- Tuesday, 24 September 2013 00:00
Myanmar women’s organizations at the Myanmar Women’s Forum have demanded the government to bear responsibility and deliver justice to women who were sexually abused during civil wars.
The civil wars which are still going on have led to numerous cases of human rights violations.
The Myanmar Women’s Forum 2013 organized by the Myanmar Women’s Network (WON) and Women’s League of Burma (WLB) was held from September 20 to 22 in Yangon.
“It has already been 60 years since the civil war started. The number of women who have been sexually abused is countless. The government should bear responsibility of crimes perpetrated by its army. They should ensure justice for such crimes in accordance with the law”, said Naw Susanna Hla Hla Soe, Central Committee member of the WON.
The women’s organizations have demanded an end to civil wars, end of sex abuse, punishment of sex offenders and a review of all cases of abuse that took place within the last 60 years.
In Myanmar, sexual violence in conflict zones is ranked highest in crimes against women followed by domestic violence according to the WLB.
The Shan Women’s Action Network (SWAN) and Kachin Women’s Association Thailand (KWAT), member associations of the WLB, released a report in 2012 documenting sex abuse on women during civil wars and violation of human rights in Myanmar.
“Being sexually abused is a social taboo and some women commit suicide out of shame. Some are forced into becoming commercial sex workers”, said Daw Tin Tin Nyo, General Secretary of the WLB.

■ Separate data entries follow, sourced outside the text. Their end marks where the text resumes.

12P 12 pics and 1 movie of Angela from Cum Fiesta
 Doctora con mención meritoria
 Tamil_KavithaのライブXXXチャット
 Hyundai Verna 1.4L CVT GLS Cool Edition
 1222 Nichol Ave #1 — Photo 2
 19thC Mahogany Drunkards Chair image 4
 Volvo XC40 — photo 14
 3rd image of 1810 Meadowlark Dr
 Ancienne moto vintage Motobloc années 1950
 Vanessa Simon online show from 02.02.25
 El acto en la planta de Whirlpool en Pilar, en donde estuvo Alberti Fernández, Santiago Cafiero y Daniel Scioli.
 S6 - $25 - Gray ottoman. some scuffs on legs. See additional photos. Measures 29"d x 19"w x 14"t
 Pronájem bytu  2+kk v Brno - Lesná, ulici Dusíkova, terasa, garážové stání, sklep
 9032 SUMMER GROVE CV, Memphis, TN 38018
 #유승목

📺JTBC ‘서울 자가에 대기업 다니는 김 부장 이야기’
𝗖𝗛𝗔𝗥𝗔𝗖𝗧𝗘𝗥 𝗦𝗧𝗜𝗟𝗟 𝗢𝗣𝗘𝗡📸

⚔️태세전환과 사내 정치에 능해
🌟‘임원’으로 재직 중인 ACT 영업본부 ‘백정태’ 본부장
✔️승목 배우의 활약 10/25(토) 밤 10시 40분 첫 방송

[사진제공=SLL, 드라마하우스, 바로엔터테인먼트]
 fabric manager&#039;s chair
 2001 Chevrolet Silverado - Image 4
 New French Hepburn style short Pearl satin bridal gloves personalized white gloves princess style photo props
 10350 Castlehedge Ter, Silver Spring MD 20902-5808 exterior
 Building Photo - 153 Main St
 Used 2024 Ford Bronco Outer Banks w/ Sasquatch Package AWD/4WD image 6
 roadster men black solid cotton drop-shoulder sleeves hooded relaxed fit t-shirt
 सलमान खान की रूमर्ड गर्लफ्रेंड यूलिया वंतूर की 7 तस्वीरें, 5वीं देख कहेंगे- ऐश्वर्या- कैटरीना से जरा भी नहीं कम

KWAT has made a report titled Pushed to the Brink on sexually abused women and victims of trafficking in conflict zones in Kachin States. SWAN has also prepared a report named License to Rape after interviewing 150 women who are victims of sex abuse in Shan state.
“In most of the rape cases, the victims become the culprits because the real culprit have money and power. It is essential to watch over Judges and their verdicts”, said Daw Shwe Shwe Sein Latt, Central Committee member of the WON.
Daw Tin Tin Nyo told Mizzima that the least the government could do is take responsibility and make an apology to the victims.
The WLB will release a report in November, which will shed light on the lives of women who were abused by the military in conflict zones in Myanmar.